Using Machine Learning to Predict Linezolid-Associated Thrombocytopenia

利奈唑啉 医学 人工智能 计算机科学 地质学 古生物学 金黄色葡萄球菌 细菌 万古霉素
作者
Wei Rao,Kexin Li,Huaguang Wang,Xinbo Cai,Nian Liu,Zhuoling An,Hong Zhou
出处
期刊:Infection and Drug Resistance [Dove Medical Press]
卷期号:Volume 18: 2653-2661 被引量:1
标识
DOI:10.2147/idr.s479658
摘要

Objective: Using artificial intelligence and machine learning to predict linezolid-induced thrombocytopenia helps identify related risk factors in patients. Methods: Between January 2020 and December 2023, 284 patients receiving linezolid from Beijing Chaoyang Hospital were enrolled. The data underwent filtering to ensure completeness and quality. The filtered data were then randomly divided into training and validation sets at a 3:1 ratio using stratified sampling. Four machine learning methods-logistic regression, Lasso regression, support vector machine (SVM), and random forest-were employed to develop predictive models on the training set, with optimal hyperparameters determined through grid search. Model performance was assessed via 10 - fold cross - validation on the training set, and the model with the highest AUC was selected. The chosen model was further validated on the independent validation set, with AUC, sensitivity, specificity, positive predictive value (PPV), and negative predictive value (NPV) calculated.
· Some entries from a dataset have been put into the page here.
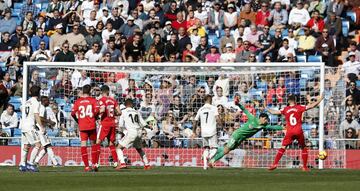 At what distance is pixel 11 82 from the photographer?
36.8 meters

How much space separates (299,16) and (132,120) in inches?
348

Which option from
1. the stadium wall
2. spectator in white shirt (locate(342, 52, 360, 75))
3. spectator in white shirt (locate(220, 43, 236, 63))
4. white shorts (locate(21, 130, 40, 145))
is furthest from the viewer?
spectator in white shirt (locate(220, 43, 236, 63))

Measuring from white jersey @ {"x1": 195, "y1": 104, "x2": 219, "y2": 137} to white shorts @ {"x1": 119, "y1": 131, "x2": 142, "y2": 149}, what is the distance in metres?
1.72

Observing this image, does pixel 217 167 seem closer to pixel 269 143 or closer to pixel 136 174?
pixel 269 143

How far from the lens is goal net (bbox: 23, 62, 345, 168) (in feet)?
108

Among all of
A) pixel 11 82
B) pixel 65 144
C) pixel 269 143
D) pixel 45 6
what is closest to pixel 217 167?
pixel 269 143

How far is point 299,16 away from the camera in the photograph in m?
37.4

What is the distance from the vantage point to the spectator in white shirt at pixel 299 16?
37.3 meters

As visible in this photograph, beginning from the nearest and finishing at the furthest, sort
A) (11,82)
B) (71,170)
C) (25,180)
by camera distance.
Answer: (25,180) < (71,170) < (11,82)

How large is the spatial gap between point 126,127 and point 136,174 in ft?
13.9

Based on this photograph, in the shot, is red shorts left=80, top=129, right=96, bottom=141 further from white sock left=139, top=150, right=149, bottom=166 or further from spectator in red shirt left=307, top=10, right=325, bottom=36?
spectator in red shirt left=307, top=10, right=325, bottom=36

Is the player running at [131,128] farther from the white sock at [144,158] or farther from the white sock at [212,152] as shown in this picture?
the white sock at [212,152]

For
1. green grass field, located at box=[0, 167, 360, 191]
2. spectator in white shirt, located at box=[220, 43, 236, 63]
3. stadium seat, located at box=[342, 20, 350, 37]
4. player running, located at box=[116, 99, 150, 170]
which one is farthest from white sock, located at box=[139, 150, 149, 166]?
stadium seat, located at box=[342, 20, 350, 37]

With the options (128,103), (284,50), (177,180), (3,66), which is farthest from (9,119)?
(177,180) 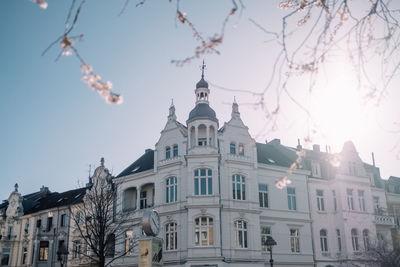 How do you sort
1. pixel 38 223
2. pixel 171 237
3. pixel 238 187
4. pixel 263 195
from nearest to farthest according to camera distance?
pixel 171 237
pixel 238 187
pixel 263 195
pixel 38 223

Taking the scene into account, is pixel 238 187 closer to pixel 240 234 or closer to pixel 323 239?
pixel 240 234

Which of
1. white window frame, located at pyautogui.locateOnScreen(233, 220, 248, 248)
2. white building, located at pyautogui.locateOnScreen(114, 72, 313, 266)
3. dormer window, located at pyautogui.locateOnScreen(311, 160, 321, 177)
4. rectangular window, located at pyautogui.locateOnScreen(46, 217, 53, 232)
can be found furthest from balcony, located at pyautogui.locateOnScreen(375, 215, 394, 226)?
rectangular window, located at pyautogui.locateOnScreen(46, 217, 53, 232)

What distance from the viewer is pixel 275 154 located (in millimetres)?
38812

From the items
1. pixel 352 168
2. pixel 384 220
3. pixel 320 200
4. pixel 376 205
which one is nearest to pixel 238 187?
pixel 320 200

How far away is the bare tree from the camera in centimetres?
2867

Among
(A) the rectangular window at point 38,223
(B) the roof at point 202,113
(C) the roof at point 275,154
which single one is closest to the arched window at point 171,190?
(B) the roof at point 202,113

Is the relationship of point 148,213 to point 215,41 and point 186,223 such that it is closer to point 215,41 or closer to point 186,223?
point 215,41

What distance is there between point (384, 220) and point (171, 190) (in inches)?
828

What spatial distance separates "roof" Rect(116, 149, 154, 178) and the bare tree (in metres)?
1.80

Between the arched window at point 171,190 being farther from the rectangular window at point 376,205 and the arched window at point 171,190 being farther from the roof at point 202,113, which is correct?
the rectangular window at point 376,205

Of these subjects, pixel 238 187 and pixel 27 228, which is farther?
pixel 27 228

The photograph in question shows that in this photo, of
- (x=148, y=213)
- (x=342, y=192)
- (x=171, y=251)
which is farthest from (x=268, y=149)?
(x=148, y=213)

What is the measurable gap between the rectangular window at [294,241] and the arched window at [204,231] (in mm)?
8151

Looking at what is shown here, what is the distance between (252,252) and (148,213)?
59.5ft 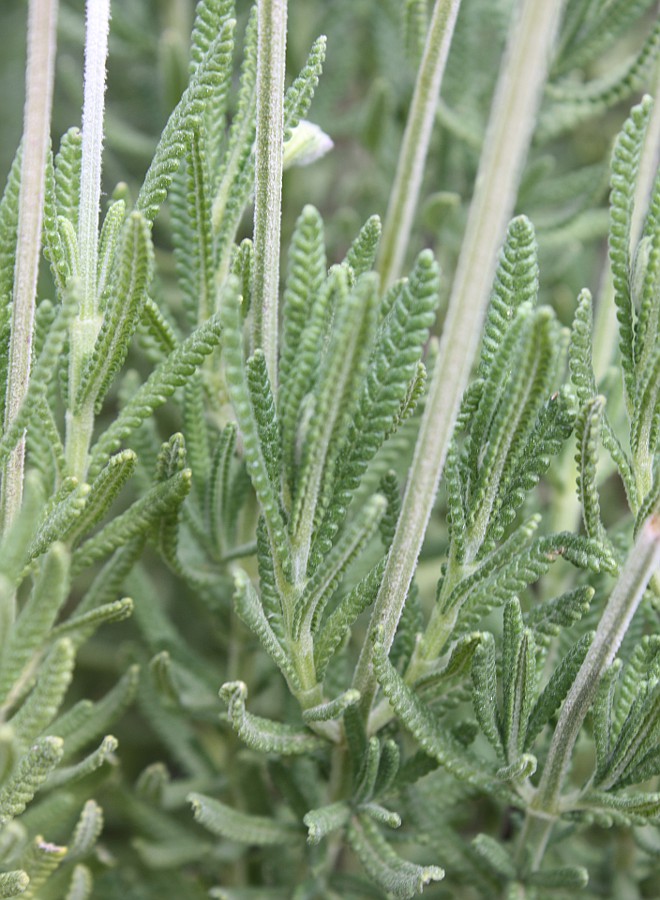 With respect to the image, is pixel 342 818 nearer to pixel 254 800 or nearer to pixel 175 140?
pixel 254 800

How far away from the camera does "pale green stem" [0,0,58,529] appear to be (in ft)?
1.76

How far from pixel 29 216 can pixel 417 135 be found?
0.36 m

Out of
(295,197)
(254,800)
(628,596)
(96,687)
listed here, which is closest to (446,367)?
(628,596)

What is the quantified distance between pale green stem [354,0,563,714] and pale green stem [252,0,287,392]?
0.17 meters

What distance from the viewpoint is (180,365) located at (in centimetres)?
65

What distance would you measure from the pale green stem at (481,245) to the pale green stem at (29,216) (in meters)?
0.24

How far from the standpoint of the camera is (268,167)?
629 mm

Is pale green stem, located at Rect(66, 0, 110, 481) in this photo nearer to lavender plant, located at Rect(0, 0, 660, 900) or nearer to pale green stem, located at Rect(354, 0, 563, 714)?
lavender plant, located at Rect(0, 0, 660, 900)

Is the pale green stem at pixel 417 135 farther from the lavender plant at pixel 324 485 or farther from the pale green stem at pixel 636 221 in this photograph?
the pale green stem at pixel 636 221

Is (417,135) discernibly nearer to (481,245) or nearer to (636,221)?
(636,221)

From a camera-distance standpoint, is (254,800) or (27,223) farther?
(254,800)

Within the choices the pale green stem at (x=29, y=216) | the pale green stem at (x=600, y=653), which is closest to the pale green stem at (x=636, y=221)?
the pale green stem at (x=600, y=653)

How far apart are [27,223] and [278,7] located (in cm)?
20

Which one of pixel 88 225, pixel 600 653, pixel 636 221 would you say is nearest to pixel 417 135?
pixel 636 221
Results: During treatment with linezolid, 42 (14.8%) of the 284 patients developed thrombocytopenia, with an average onset of 12.0±5.6 days after starting linezolid therapy. The random forest model demonstrated the best performance, with an AUC of 0.902 (95% CI 0.814-0.991) in the validation set. This model achieved a sensitivity of 81.8%, specificity of 86.9%, positive predictive value (PPV) of 52.9%, and negative predictive value (NPV) of 96.4%. Conclusion: We developed a machine learning model to predict linezolid-associated thrombocytopenia, with the random forest model achieving an AUC of 0.902. This model can help clinicians assess patient risk and optimize treatment plans. Future work should validate the model in multicenter studies and explore its integration into clinical decision support systems.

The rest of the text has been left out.